Que faire si l'on est un extraterrestre exilé, ressemblant à une tortue sans pattes condamnée à l'immobilité, mais capable de projeter son esprit à une vingtaine de mètres pour s'emparer d'hôtes aussi divers que mulots, chats ou humains pendant leur sommeil ? Il faut commencer par mettre son corps l'abri, le nourrir, à détourner l'attention des curieux... Et puis, il faut explorer ce monde bizarre et y chercher un hôte convenable, suffisamment instruit pour pouvoir accomplir le voeu le plus cher de la créature : la renvoyer chez elle !
La chose n'a pas eu de chance de tomber sur Bartlesville, bourgade de l'Amérique profonde où la densité de population est fort basse et où l'habitant moyen ne brille pas vraiment par l'étendue de son savoir scientifique... Mais elle est tenace et nous allons donc suivre cet ET, plutôt sympathique malgré son parfait mépris envers la souffrance des ses « hôtes », dans sa longue et laborieuse conquête du territoire. Les premiers échantillons humains ne seront guère utilisables, et comme elle se trouve en rase campagne, la chose devra recourir à divers animaux pour parvenir à son but.
Mais évidemment, la succession de plusieurs « suicides » et le comportement étrange de certaines bêtes vont éveiller les soupçons de quelques humains un peu plus malins que la moyenne, dont « Doc » Staunton qui représente justement le seul hôte valable des environs... Ils vont mener une enquête qui permettra à Fredric Brown de mêler les trois domaines où il excelle : la SF, le policier et l'humour...
La chose est une création admirable et particulièrement originale, à la fois toute-puissante et extrêmement vulnérable. On imagine sans peine le carnage qu'elle aurait pu faire dans une grande métropole, mais à Bartlesville, il va lui falloir rivaliser d'ingéniosité et jouer au chat et à la souris avec Doc Staunton, au sens propre comme au sens figuré, pour le plus grand plaisir du lecteur.
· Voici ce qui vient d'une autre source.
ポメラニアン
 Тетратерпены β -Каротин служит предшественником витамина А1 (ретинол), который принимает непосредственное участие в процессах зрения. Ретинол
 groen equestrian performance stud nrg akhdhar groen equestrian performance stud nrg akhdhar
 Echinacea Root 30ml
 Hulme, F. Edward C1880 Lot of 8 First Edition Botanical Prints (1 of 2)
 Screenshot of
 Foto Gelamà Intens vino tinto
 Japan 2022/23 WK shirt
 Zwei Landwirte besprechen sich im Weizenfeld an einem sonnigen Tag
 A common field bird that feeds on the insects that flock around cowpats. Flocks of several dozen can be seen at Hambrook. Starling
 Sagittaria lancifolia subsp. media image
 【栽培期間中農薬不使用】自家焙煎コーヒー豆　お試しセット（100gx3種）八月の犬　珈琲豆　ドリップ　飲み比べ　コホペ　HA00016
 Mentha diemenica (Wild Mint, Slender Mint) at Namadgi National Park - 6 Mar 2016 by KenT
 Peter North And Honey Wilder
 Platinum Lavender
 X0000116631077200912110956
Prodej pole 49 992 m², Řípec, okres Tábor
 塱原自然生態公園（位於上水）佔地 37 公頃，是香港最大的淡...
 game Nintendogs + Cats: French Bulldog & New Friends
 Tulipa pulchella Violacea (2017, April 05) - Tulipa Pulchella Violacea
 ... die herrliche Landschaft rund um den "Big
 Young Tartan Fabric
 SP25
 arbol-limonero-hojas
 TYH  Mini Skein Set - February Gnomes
Même si nous ne retrouvons pas la verve truculente de Martiens, go home ou de L'univers en folie, ce récit léger est particulièrement réjouissant. On y tue avec un bel enthousiasme, le suspense est parfaitement soutenu, mais c'est la satire qui prend le dessus, à travers le regard posé par la chose sur les divers spécimens d'humanité auxquels elle sera confrontée — comme par exemple un ancien sympathisant nazi. L'esprit de la chose est ainsi l'un de ces romans mineurs inoubliables, dont les idées toutes simples marquent d'autant plus profondément qu'elles nous ont été présentées avec finesse et humour.